For this assignment, I will be utilizing the Foursquare API to pull the following location data on restaurants in Hoboken, NJ:

Venue Name
Venue ID
Venue Location
Venue Category
Count of Likes
Data Acquisition Approach
To acquire the data mentioned above, I will need to do the following:

Get geolocator lat and long coordinates for Hoboken, NJ
Use Foursquare API to get a list of all venues in Hoboken
Get venue name, venue ID, location, category, and likes

In [10]:
import numpy as np # library to handle data in a vectorized manner

import pandas as pd # library for data analsysis
pd.set_option('display.max_columns', None)
pd.set_option('display.max_rows', None)

import json # library to handle JSON files

!conda install -c conda-forge geopy --yes # uncomment this line if you haven't completed the Foursquare API lab
#from geopy.geocoders import Nominatim # convert an address into latitude and longitude values

import requests # library to handle requests
from pandas.io.json import json_normalize # tranform JSON file into a pandas dataframe

# Matplotlib and associated plotting modules
import matplotlib.cm as cm
import matplotlib.colors as colors

# import k-means from clustering stage
from sklearn.cluster import KMeans

!conda install -c conda-forge folium=0.5.0 --yes # uncomment this line if you haven't completed the Foursquare API lab
#import folium # map rendering library

#import beautiful soup
from urllib.request import urlopen
from bs4 import BeautifulSoup


print('Libraries imported.')

Libraries imported.


**Finding the geo data for Hoboken**

Let's find the geographic data for Hoboken so we can pull it from FourSquare.

In [15]:
address = 'Hoboken, New Jersey'

geolocator = Nominatim()
location = geolocator.geocode(address)
latitude = location.latitude
longitude = location.longitude
print('The geograpical coordinate of Hoboken are {}, {}.'.format(latitude, longitude))
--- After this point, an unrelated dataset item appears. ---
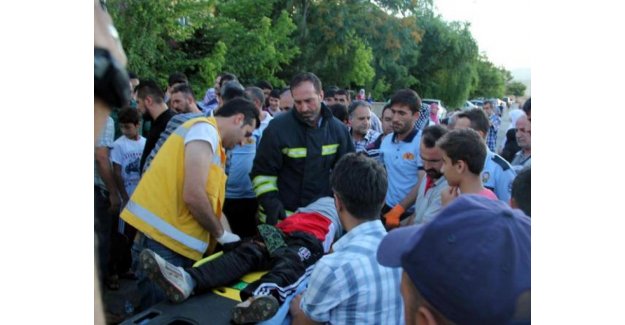 12 yaşındaki çocuk kamyonun altında kaldı!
NameError: name 'Nominatim' is not defined

**FourSquare Part 1**

Entering in our information into the Foursquare API to access it.

In [None]:

CLIENT_ID = '' # your Foursquare ID
CLIENT_SECRET = '' # your Foursquare Secret
VERSION = '20180605' # Foursquare API version

print('Your credentails:')
print('CLIENT_ID: ' + CLIENT_ID)
print('CLIENT_SECRET:' + CLIENT_SECRET)

**FourSquare Part 2**

Creating a URL for all of the venues in Hoboken

In [None]:
LIMIT = 100 # limit of number of venues returned by Foursquare API
radius = 500 # define radius

# create URL
url = 'https://api.foursquare.com/v2/venues/explore?&client_id={}&client_secret={}&v={}&ll={},{}&radius={}&limit={}'.format(
    CLIENT_ID, 
    CLIENT_SECRET, 
    VERSION, 
    latitude, 
    longitude, 
    radius, 
    LIMIT)
url

**FourSquare Part 3**

Pulling the JSON for the URL of venues.

In [None]:
results = requests.get(url).json()
results


**Foursquare Part 4**

Now we start pulling the data from Foursquare into a dataframe so we can manipulate and use it.

In [None]:
def get_category_type(row):
    try:
        categories_list = row['categories']
    except:
        categories_list = row['venue.categories']
        
    if len(categories_list) == 0:
        return None
    else:
        return categories_list[0]['name']

In [None]:

#pull the actual data from the Foursquare API

venues = results['response']['groups'][0]['items']
nearby_venues = json_normalize(venues)
filtered_columns = ['venue.name', 'venue.id', 'venue.categories', 'venue.location.lat', 'venue.location.lng']
nearby_venues
nearby_venues =nearby_venues.loc[:, filtered_columns]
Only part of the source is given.